= Aim of the exercise =
Would you transcribe the whole listing exactly and drop its images?

= Information supplied =
....

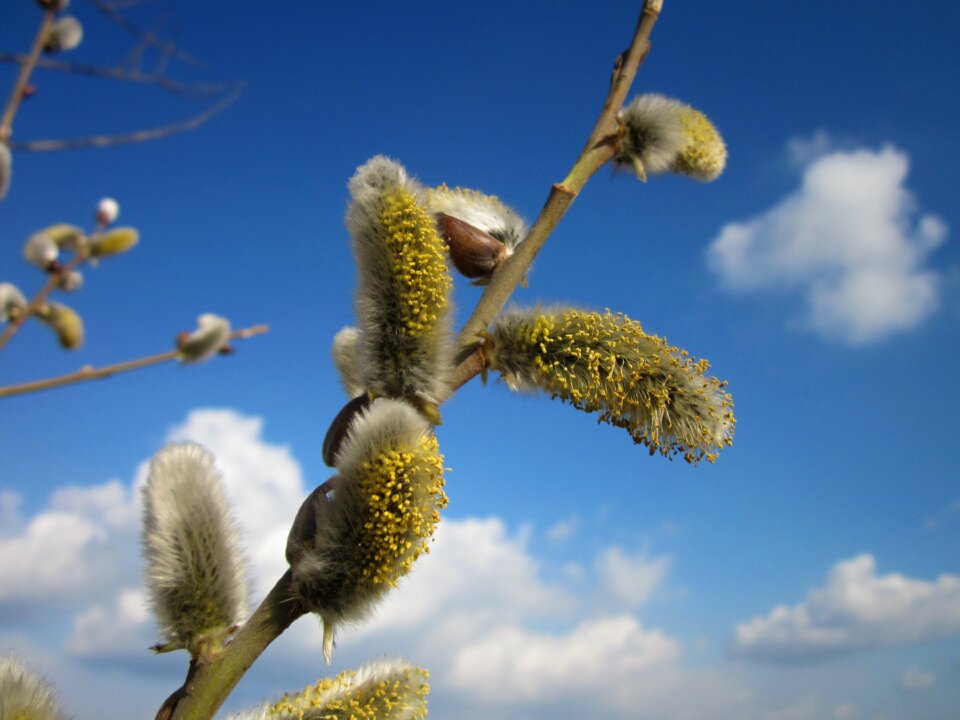 Pussy willow great sallow flora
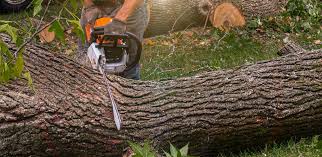 Best Commercial Tree Services  in Tamalpais Homestead Valley, CA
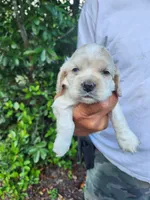 Henry Ready 07/22, a male Cocker Spaniel for sale in Brooksville, FL – 3 of 6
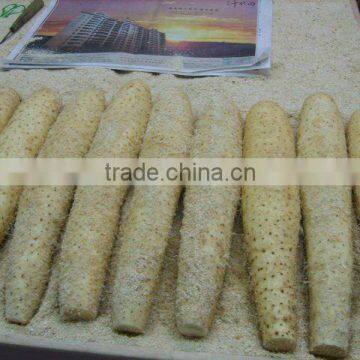 fresh chinese yam from new crop in 2016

....

= Response to this task =
 Pussy willow great sallow flora
 Best Commercial Tree Services  in Tamalpais Homestead Valley, CA
 Henry Ready 07/22, a male Cocker Spaniel for sale in Brooksville, FL – 3 of 6
 fresh chinese yam from new crop in 2016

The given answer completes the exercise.